The game was played by two teams, each team consisting anywhere from ten to thirty players. Normally, the teams were composed of only men, but occasionally women played the game as well. Oviedo noted that sometimes men and women would play on mixed teams, men and women against each other, and the married women against unwed female virgins. Married women wore a shawl wrapped around their bodies while the men and virgin women went bare. Archaeologists have noted a connection between the ball courts and the stone “elbow” and “neck” collars prominent in Puerto Rico around the ball court sites. The function of these collars is not evident or explicitly detailed in historic accounts. Caribbean stone collars and the Mexican stone yokes that were worn by Mesoamerican ball game players as ceremonial belts are similar.

Faltas (errors or faults) were made when the ball came to a halt on the ground or if it had been thrown out of bounds (outside the stone boundary markers). The ball could only be struck from the shoulder, the elbow, the head, the hips, the buttock, or the knees and never with the hands. Las Casas noted that when women played the game they did not use their hips or shoulders, but their knees. Points were earned when the ball failed to be returned from a non-faulted play (similar to the earning of points in today's volleyball). Play continued until the number of predetermined points was earned by a side. Often, players and chiefs made bets or wagers on the possible outcome of a game. These wagers were paid after a game was concluded.

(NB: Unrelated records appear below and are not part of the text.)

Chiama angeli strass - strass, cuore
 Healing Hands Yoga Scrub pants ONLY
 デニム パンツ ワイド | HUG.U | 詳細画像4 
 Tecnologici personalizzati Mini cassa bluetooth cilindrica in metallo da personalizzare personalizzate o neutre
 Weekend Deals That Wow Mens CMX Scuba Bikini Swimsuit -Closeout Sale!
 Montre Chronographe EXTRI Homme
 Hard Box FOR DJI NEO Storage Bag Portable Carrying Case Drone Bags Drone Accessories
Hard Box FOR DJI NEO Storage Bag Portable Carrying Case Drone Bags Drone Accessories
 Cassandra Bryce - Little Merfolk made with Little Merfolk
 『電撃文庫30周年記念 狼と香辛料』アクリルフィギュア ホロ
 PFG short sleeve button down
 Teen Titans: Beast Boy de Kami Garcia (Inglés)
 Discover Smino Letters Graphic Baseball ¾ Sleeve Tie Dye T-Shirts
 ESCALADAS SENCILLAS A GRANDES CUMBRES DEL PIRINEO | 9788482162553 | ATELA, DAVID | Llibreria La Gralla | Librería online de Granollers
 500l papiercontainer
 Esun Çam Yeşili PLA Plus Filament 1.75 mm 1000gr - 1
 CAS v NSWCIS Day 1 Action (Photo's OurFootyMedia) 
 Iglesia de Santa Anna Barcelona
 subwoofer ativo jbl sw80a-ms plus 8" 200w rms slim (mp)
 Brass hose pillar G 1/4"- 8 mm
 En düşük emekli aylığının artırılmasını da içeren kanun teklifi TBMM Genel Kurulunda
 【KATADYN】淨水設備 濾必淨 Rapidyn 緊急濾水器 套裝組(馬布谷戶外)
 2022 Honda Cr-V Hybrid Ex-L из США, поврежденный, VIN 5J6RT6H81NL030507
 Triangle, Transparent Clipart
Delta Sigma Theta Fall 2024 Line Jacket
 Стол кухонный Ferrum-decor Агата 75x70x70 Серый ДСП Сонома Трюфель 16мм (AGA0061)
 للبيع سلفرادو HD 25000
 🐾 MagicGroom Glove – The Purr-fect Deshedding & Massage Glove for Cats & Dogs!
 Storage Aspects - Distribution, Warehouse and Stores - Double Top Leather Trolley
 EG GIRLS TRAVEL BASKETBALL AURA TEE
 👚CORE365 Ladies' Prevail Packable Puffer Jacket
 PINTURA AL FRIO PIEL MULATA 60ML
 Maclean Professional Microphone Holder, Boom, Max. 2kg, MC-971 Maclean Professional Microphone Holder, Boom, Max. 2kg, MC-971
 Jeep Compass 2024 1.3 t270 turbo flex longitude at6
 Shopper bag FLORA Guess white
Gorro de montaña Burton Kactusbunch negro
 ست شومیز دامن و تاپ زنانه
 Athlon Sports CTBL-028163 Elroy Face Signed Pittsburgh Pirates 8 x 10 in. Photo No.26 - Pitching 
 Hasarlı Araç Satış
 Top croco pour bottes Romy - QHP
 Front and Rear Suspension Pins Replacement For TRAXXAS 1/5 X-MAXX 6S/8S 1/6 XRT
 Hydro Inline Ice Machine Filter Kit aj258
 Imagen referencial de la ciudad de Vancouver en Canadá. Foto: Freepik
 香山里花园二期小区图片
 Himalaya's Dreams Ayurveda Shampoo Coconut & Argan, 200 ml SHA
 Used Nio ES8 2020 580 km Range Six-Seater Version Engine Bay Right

==Ball court petroglyphs==

Petroglyph of a bird at the batey complex in Caguana

Petroglyphs have been found on river boulders, walls of caves and rock shelters, and on upright stone slabs outlining ball court plazas. Unfortunately, many of these artifacts have been stolen by collectors or looters. There are two main types of petroglyphs: 1) geometric designs and 2) images representing human or animal forms (especially the “swaddled infant”). Rouse has described the petroglyphs as “human-like bodies and heads, of faces, and of geometric designs, several of which suggest the sun and the moon”.

The most common geometric designs are concentric circles, spirals and double spirals (clockwise and counterclockwise with three to five rings), single and double hooks, two triangles set together resembling butterfly wings, horseshoe-like symbols, and series of pits loosely grouped together. There are also multi-rayed solar emblems, lizards, iguanas, birds, animistic heads with rays emanating from the neck, mask-like “faces,” and a variety of other heads or faces (human and animal ranging from simple circles with three pits or rings for the eyes and mouth to stylized loops resembling petals or feathers). These petroglyphs can be directly compared in design and style with the petroglyphs seen in Northwest Brazil and Venezuela.

The other most common image in the petroglyphs are grinning or grimacing, large eared, primarily zoomorphic “swaddled infants.” Although they appear to us as "swaddled infants", they actually represent ancestors who were wrapped in hammocks upon death. The images have limbless, rounded bodies that are sack-like at the bottom. Their ears are often exaggeratedly large and are presented in varying positions and shapes.

In Puerto Rico, the “infant” type and the geometric/curvilinear type tend to occupy separate village sites. Current archaeological data is inconclusive as to whether the designs were from two different time periods (the spiral groups are mostly in the mountainous interior where the infant type is much rarer) or if the designs represent a difference in religious symbolism.